From Middle English truant, truand, trewande, trowant (= Middle Dutch trouwant, trawant, truwant), from Old French truand, truant (“a vagabond, beggar, rogue", also "beggarly, roguish”), of Celtic origin, perhaps from Gaulish *trugan, or from Breton truan (“wretched”), from Proto-Celtic *térh₁-tro-m, ultimately from Proto-Indo-European *terh₁-.
truant (not comparable)
- Absent without permission, especially from school.
- He didn't graduate because he was chronically truant and didn't have enough attendances to meet the requirement.
- Wandering from business or duty; straying; loitering; idle, and shirking duty.
- 1697, “The Third Book of the Georgics”, in Virgil; John Dryden, transl., The Works of Virgil: Containing His Pastorals, Georgics, and Æneis. […], London: […] Jacob Tonson, […], OCLC 403869432, lines 705-710:
- But where thou seest a single Sheep remain
In shades aloof, or couch'd upon the Plain;
Or listlesly to crop the tender Grass;
Or late to lag behind, with truant pace;
Revenge the Crime; and take the Traytor's head,
E're in the faultless Flock the dire Contagion spread.
- 1848 November – 1850 December, William Makepeace Thackeray, The History of Pendennis. […], volume 22, London: Bradbury and Evans, […], OCLC 2057953:
- Indeed, calamity is welcome to women if they think it will bring truant affection home again: and if you have reduced your mistress to a crust, depend upon it that she won’t repine, and only take a very little bit of it for herself, provided you will eat the remainder in her company.

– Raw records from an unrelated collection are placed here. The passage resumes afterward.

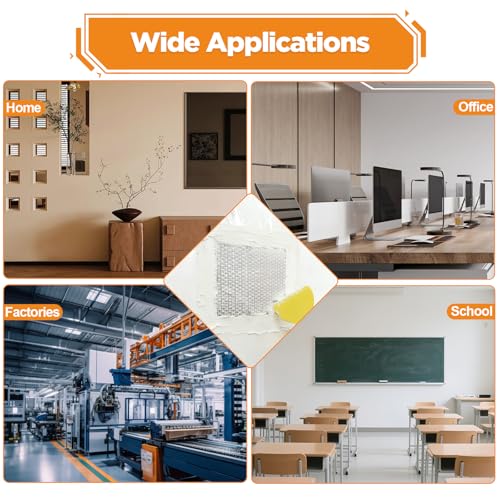 Romeda Drywall Patch Kit 11 Pack, 4/6/8 Inch Wall Patch with Extended Self Adhesive Mesh, Dry Wall Patch with Scraper and Sandpaper for Hole Repair
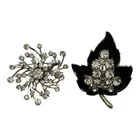 Preview image for 2 Vintage Rhinestone Brooches 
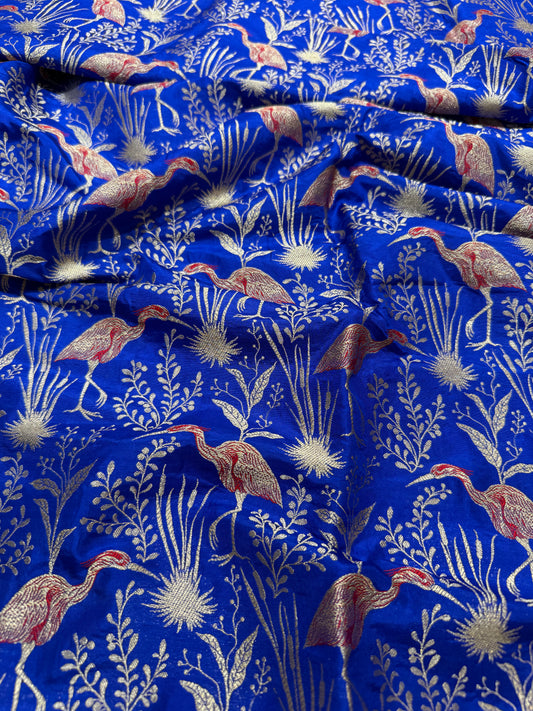 Handwoven Silk Shikargah Thaan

- 1910, Emerson Hough, chapter I, in The Purchase Price: Or The Cause of Compromise, Indianapolis, Ind.: The Bobbs-Merrill Company, OCLC 639762314:
- Serene, smiling, enigmatic, she faced him with no fear whatever showing in her dark eyes. […] She put back a truant curl from her forehead where it had sought egress to the world, and looked him full in the face now, drawing a deep breath which caused the round of her bosom to lift the lace at her throat.
truant (plural truants)
- (intransitive) To play truant.
- the number of schoolchildren known to have truanted
- (transitive) To idle away; to waste.
- To idle away time.
- 1876, James Russell Lowell, “Milton”, in Among My Books: Second Series:
- By this means they lost their time and truanted on the fundamental grounds of saving knowledge.